Friday, October 31, 2014

Ingin Pergi

Ingin Pergi

Udara pagi ini sangat cerah. Aku ingin pergi bareng keluarga dengan mobil sendiri. Tujuanku sebuah tempat wisata yang indah pemandangannya dan enak makanannya. Tentu saja kami akan menginap di sebuah hotel yang nyaman dan asri. 

Sepanjang perjalanan kami saling bercerita dan bersendau-gurau, dengan ditemani camilan ringan dan iringan musik yang hangat. Week end itu berarti hari libur, jadi kami manfaatkan waktu sebaik-baiknya. Yang biasanya jarang bercerita tentang dirinya, kini saatnya untuk bercerita ... apa saja. 

Hawa sejuk pegunungan dan pemandangan yang memanjakan mata membuatku bernafas sepuas-puasnya. Alangkah indahnya hidupku, mempunyai suami yang ganteng dan anak yang baik. Soal keuangan tak menjadi masalah, karena baik suami maupun aku mempunyai penghasilan. Hore .... 

Tiba-tiba airmataku menggenang, aku menangis. Itu semua baru merupakan anganku saja.
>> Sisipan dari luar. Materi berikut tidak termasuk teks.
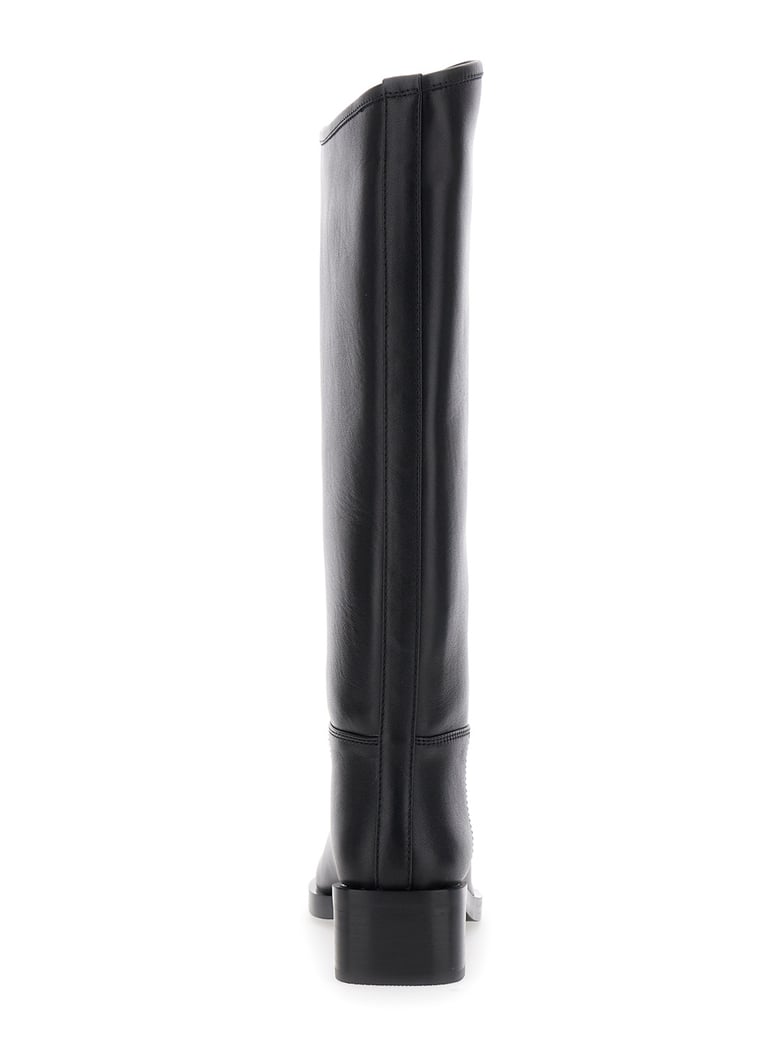 black knee high leather boots with block heel by Selfnex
Nyatanya hidupku masih morat-marit dan belum punya suami lagi. 

Dulu sebelum menikah aku bisa menikmati mengendarai mobilku sendiri, sebuah sedan Honda Civic th 1988. Itu di tahun 1996 dan mobilku berumur 8 tahun. Sayang anakku belum lahir, jadi aku belum sempat mengajaknya jalan-jalan. 

Sebenarnya suamiku waktu itu sebelum bercerai juga sudah memiliki sebuah mobil, namun sayang belum pernah sekali pun anak dan istrinya ini diajaknya jalan-jalan. Aku tahu maksudnya adalah untuk menyembunyikan hartanya, termasuk mobil tersebut. Ketika aku tanya, dia tak mengakui mobil itu sebagai miliknya. Terakhir dia terpaksa mengantar aku dan anakku ke travel Joglosemar jurusan Solo dengan mobil Honda Jazznya yang berwarna putih. Itu pun jaraknya tergolong dekat, dari jalan Bima ke jalan Pemuda Semarang. Waktu itu adiknya menikah, dan mobil itulah yang dipakai sebagai mobil pengantin. Adiknya yang meminta meminjam mobil masnya, aku mendengarnya. Tentu saja kami pergi sebentar dengan mobil itu setelah segala hiasannya dilepas. 

Aku sering merasa bingung ketika aku ingin pergi ke suatu tempat tapi anakku menolak kalau hanya mengendarai sepeda motor. Memang sudah seharusnya dia menjalani standar hidup yang lebih baik termasuk bisa pergi dengan mobil sendiri mengingat keberadaan papanya. 

Kini, aku harus bisa terima kenyataan hidup ini, sementara saja. Aku yakin semua akan menjadi baik, sebentar lagi. Bila yang kuangankan di awal cerita belum menjadi kenyataan, ya aku terima saja dulu. Aku yakin semua akan indah pada waktunya.